See now that's one of the misconceptions. ANNs are not modelled on the brain,
not anymore and not ever since the poor single-layer Perceptron which itself was
modelled after an early model of neuronal activation. What ANNs really are is
algorithms for optimising systems of functions. And that includes things like
Support Vector Machines and Radial Basis Function networks that don't even fit
in the usual multi-layer network diagram particularly well.
It's unfortunate that this sort of language and imagery is still used
abundantly, by people who should know better no less, but I guess "it's an
artificial brain" sounds more magical than "it's function optimisation". You
shouldn't let it mislead you though.
>> Taking a position that neural networks cannot ever result in strong AI is as blind as taking a position that they must.
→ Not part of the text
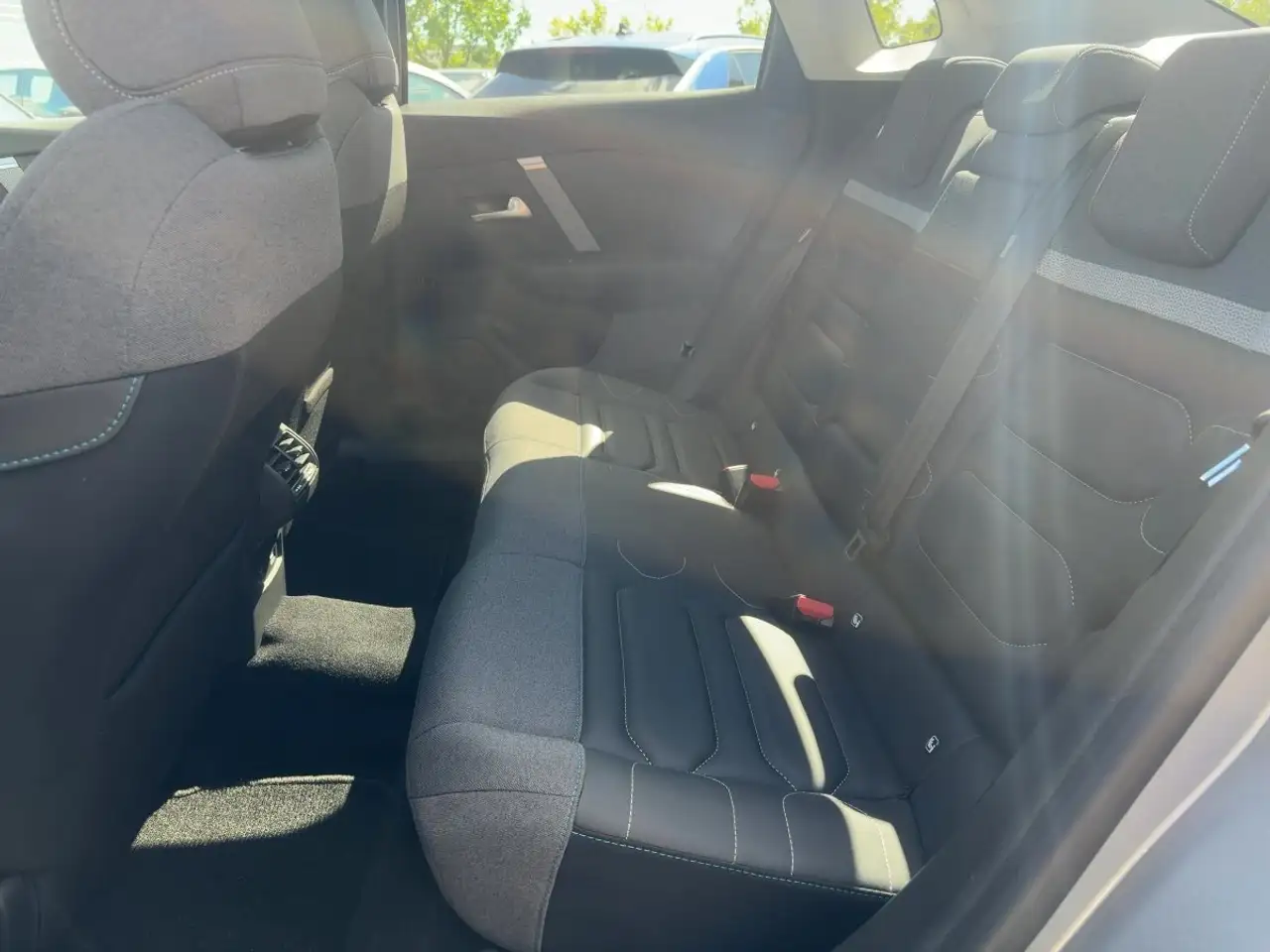 Citroen C4 X 1.2 PureTech 130 Max LED+Navi+2xKlima+Kam. — Galerie du véhicule 9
I don't agree. It's a subject that's informed by a solid understanding of the
fundamental concepts - function optimisation, again. There's uncertainty because
there's theoretical limits that are hard to test, frex the fact that multi-layer
perceptrons with three neural layers can learn any function given a sufficient
number of inputs, or on the opposite side, that non-finite languages are _not_
learnable in the limit (not ANN-specific but limiting what any algorithm can
learn) etc. But the arguments on either side are, well, arguments. Nobody is
being "blind". People defend their ideas, is all.